Assignment: Records follow. Print exactly the lines from the one that has "BMW wpadło na przystanek" through the one that has "Used Dacia Sandero", inclusive, and omit the pictures.

[Provided information — start]

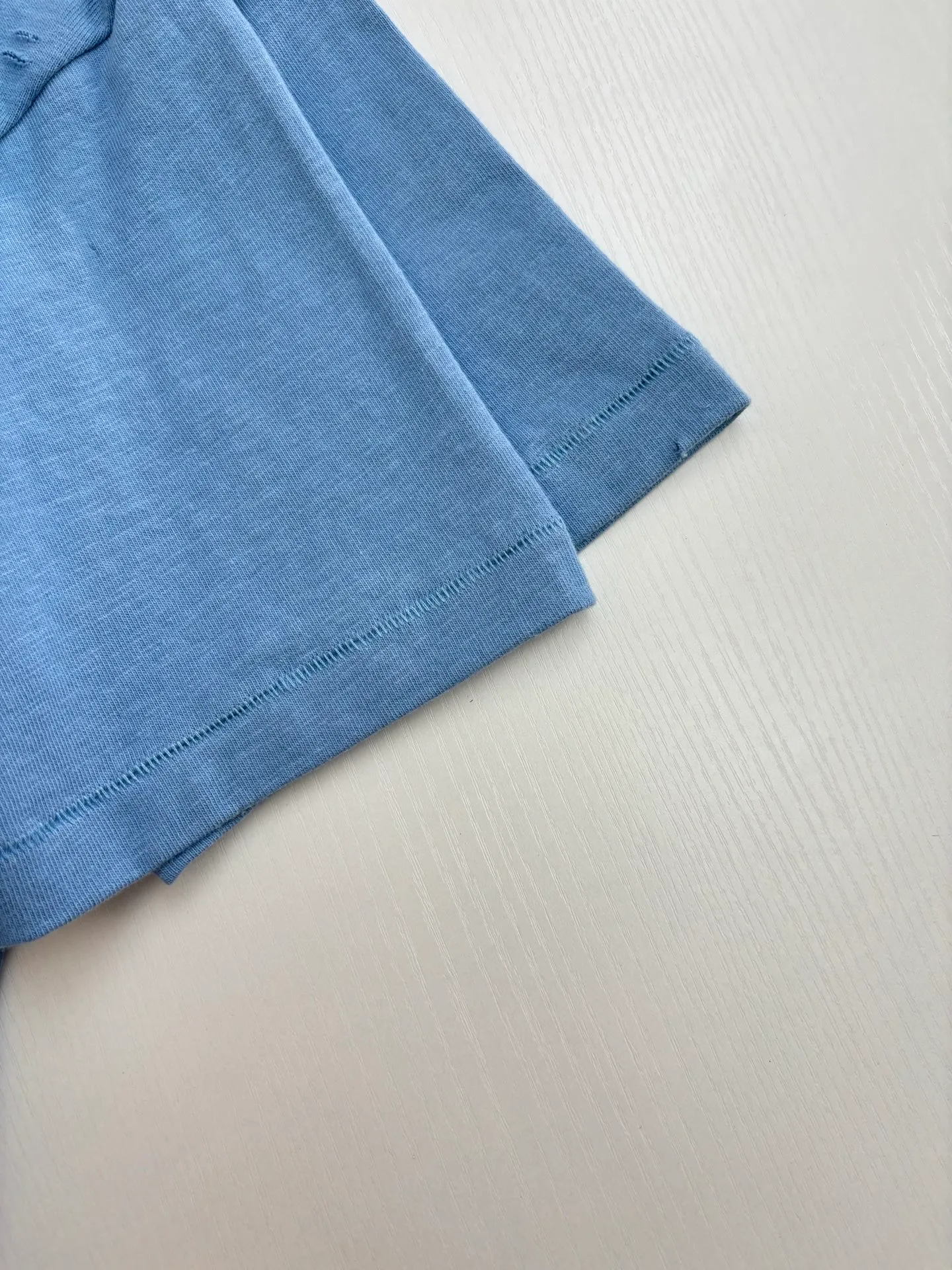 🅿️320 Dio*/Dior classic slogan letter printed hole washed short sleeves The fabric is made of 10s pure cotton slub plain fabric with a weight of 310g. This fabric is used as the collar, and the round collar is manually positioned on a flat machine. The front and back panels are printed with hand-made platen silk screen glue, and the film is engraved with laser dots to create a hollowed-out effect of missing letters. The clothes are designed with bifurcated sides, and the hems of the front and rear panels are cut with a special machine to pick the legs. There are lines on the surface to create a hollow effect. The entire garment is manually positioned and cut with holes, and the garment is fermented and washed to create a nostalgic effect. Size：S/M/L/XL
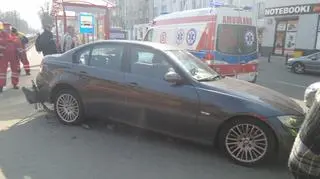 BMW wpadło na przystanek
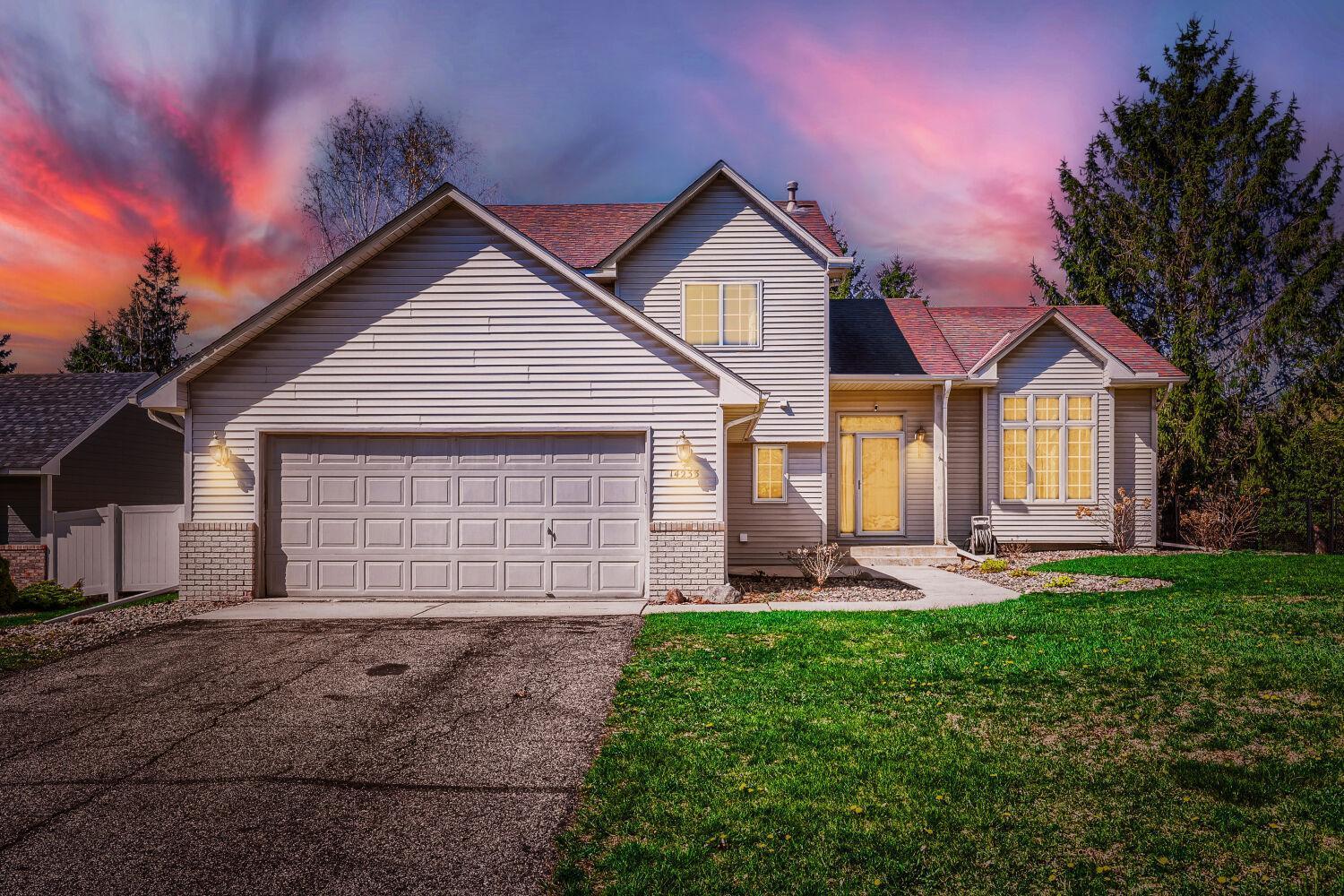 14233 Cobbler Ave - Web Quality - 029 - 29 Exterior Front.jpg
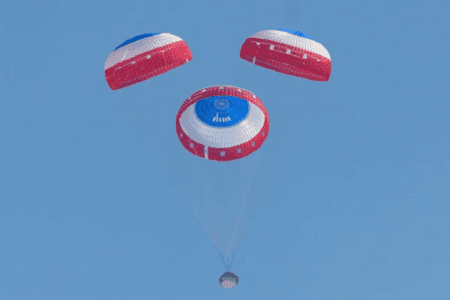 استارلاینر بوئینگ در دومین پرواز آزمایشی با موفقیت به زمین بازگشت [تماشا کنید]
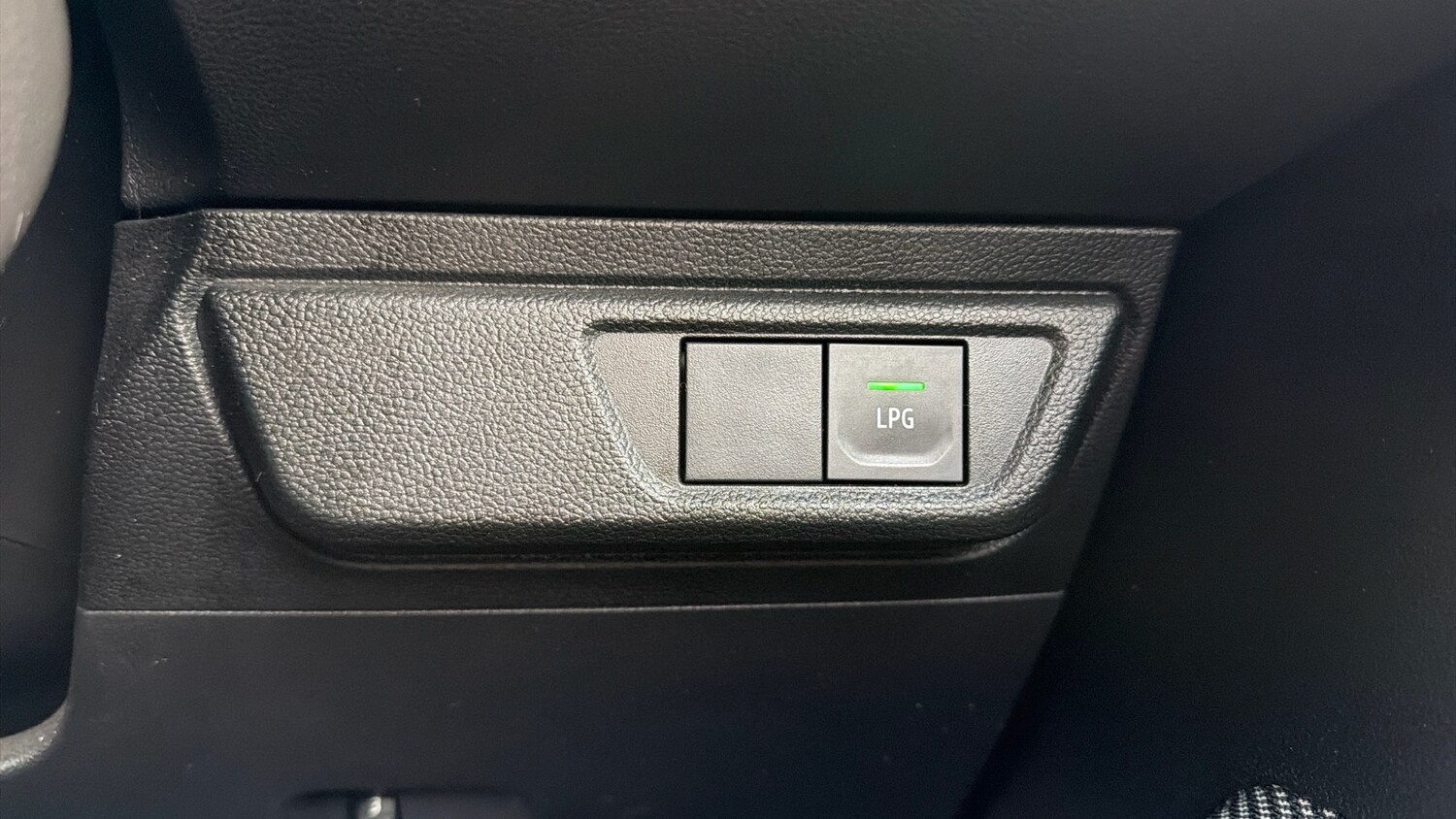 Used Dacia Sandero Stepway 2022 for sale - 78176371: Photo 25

[Provided information — finish]
[Provided information — start]

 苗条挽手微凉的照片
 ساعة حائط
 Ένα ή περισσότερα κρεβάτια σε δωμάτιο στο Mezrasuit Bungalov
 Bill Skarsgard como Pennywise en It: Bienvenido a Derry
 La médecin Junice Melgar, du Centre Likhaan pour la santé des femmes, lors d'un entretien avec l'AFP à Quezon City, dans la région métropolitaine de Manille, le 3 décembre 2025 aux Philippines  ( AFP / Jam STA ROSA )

[Provided information — finish]

Worked solution:
 BMW wpadło na przystanek
 14233 Cobbler Ave - Web Quality - 029 - 29 Exterior Front.jpg
 استارلاینر بوئینگ در دومین پرواز آزمایشی با موفقیت به زمین بازگشت [تماشا کنید]
 Used Dacia Sandero Stepway 2022 for sale - 78176371: Photo 25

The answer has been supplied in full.